(Short descriptive text snippets)
▼

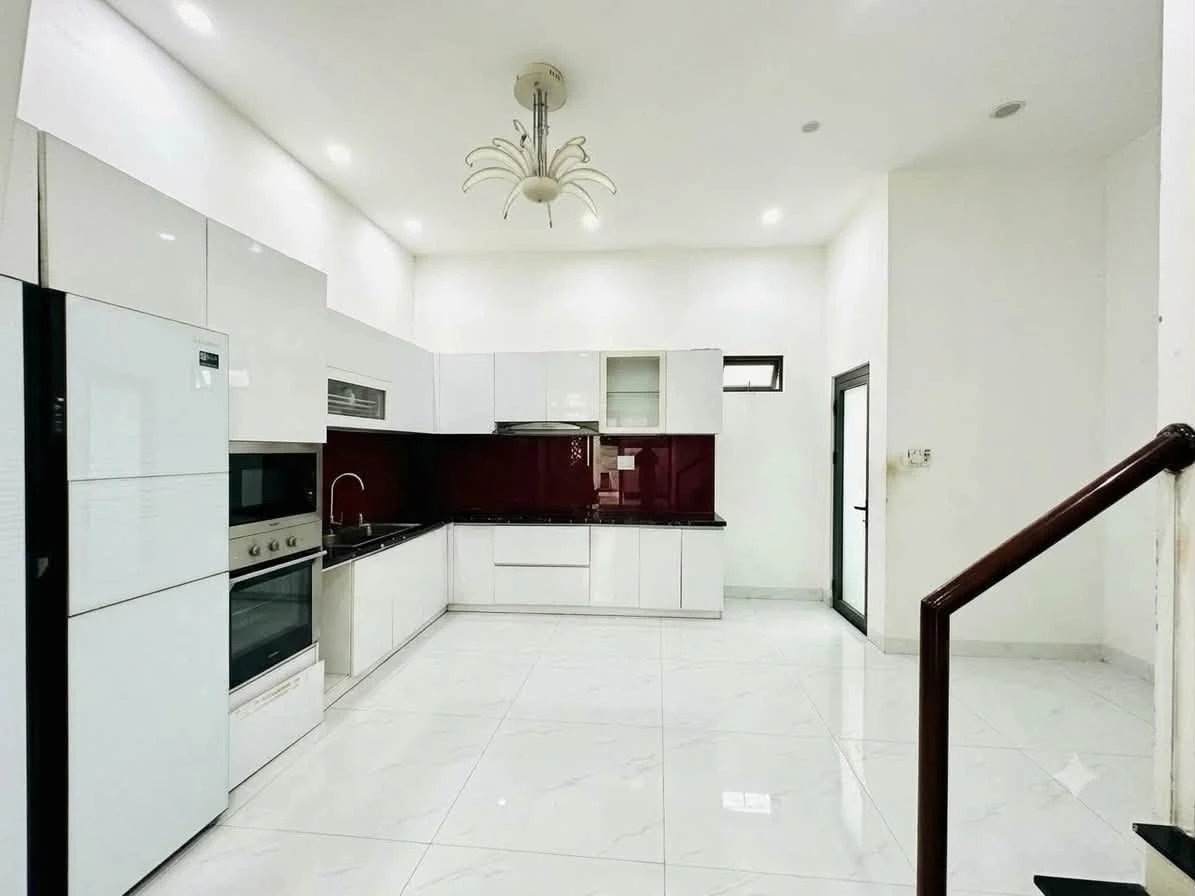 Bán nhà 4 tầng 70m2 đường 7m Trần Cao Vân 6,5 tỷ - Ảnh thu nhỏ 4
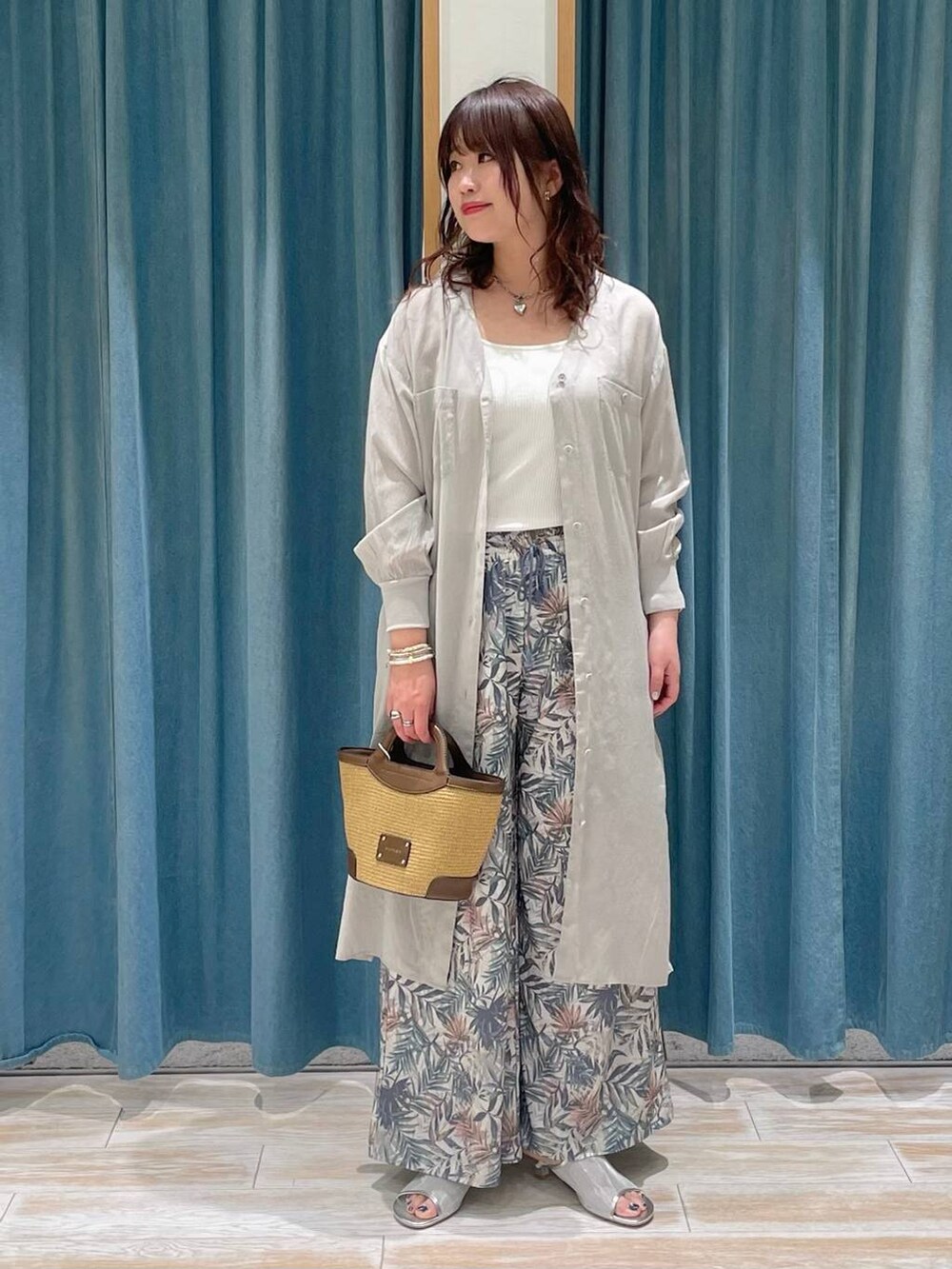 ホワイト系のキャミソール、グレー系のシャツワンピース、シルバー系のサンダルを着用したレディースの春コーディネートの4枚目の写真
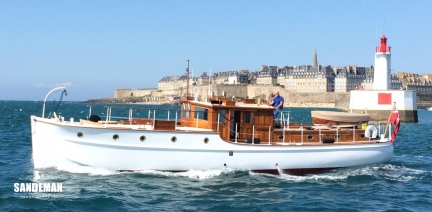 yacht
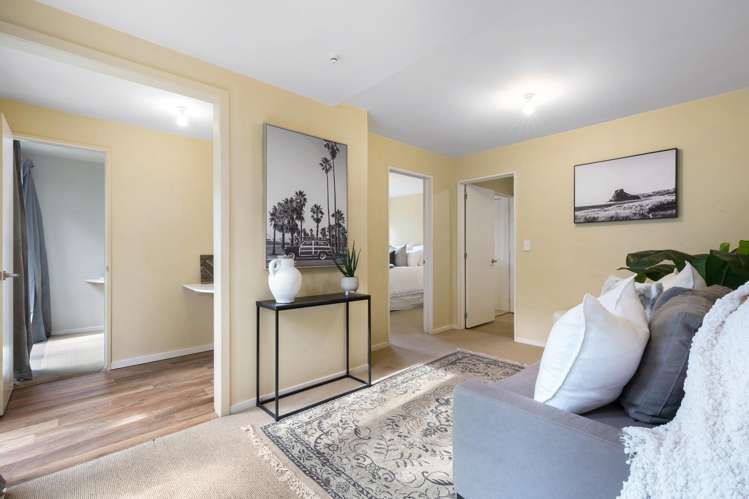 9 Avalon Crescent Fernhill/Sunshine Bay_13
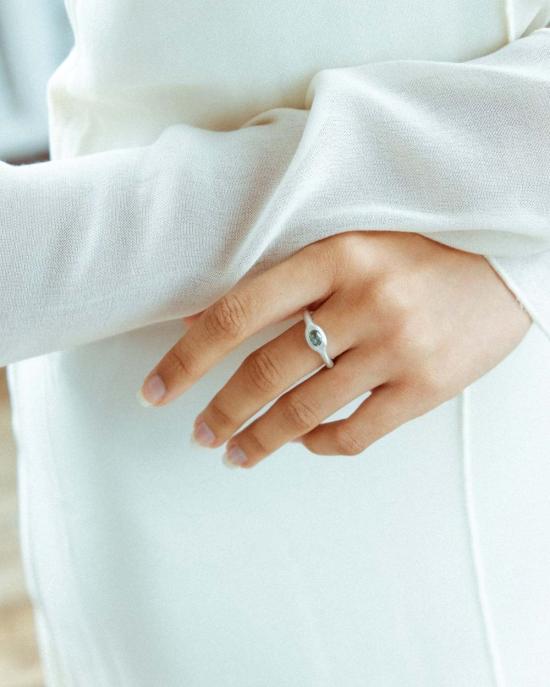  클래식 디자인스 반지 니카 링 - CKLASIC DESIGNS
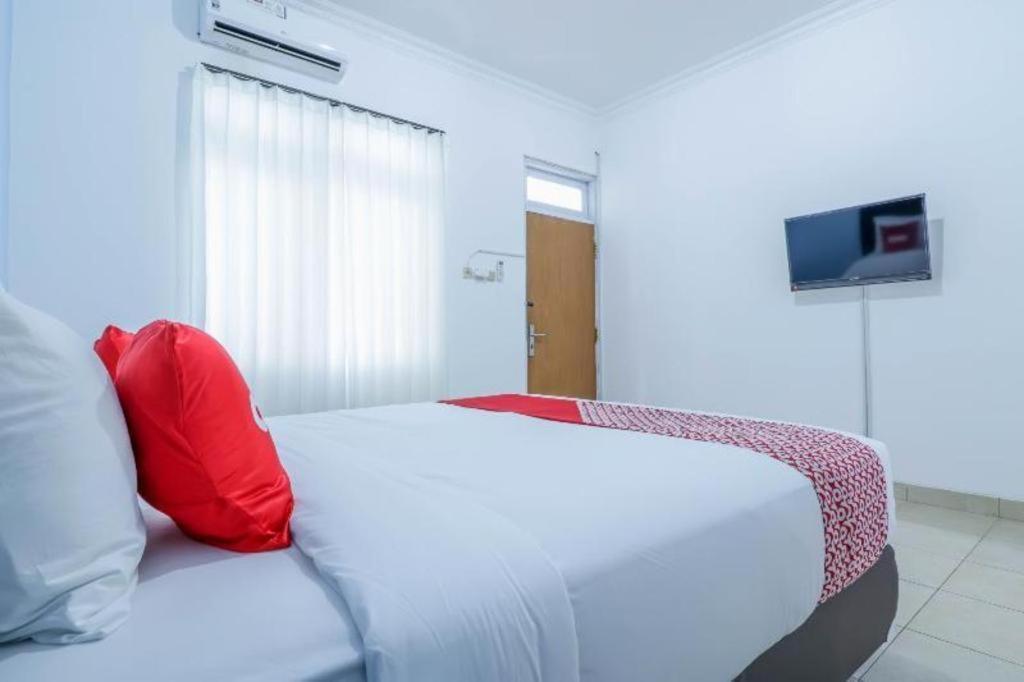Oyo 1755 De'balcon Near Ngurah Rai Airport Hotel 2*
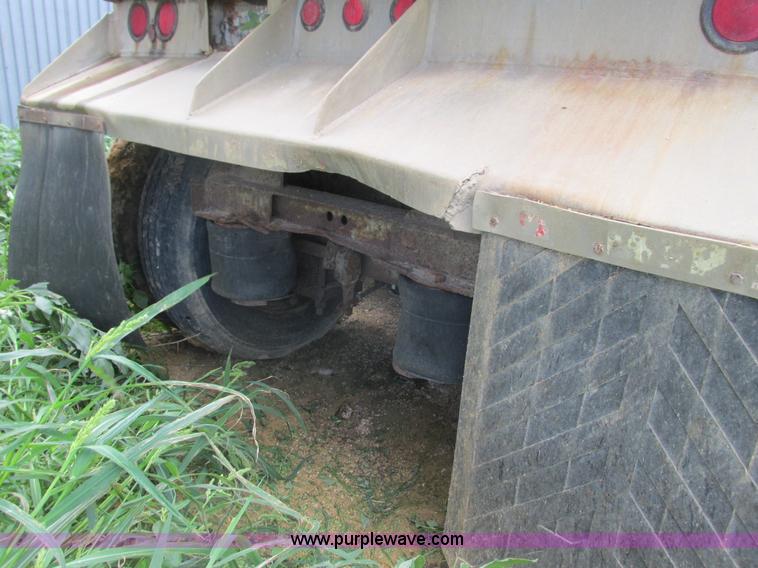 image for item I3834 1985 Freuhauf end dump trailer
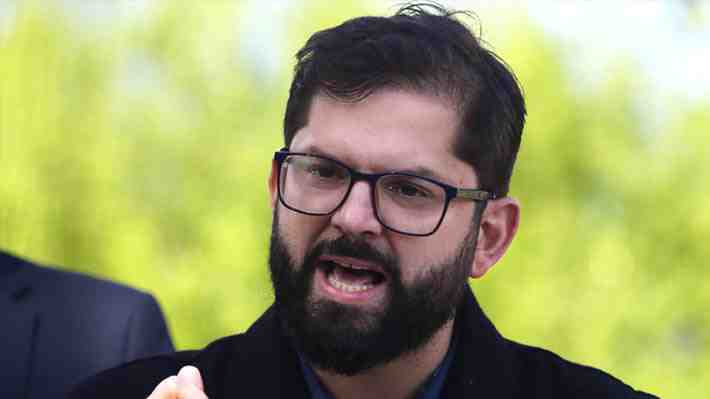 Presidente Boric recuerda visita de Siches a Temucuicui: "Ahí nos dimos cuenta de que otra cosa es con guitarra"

▲

### WHAT IS BEING ASKED
Your task is to reproduce exactly the lines running from the line that contains "image for item" to the end of the records, pictures excluded.

### RESPONSE
 image for item I3834 1985 Freuhauf end dump trailer
 Presidente Boric recuerda visita de Siches a Temucuicui: "Ahí nos dimos cuenta de que otra cosa es con guitarra"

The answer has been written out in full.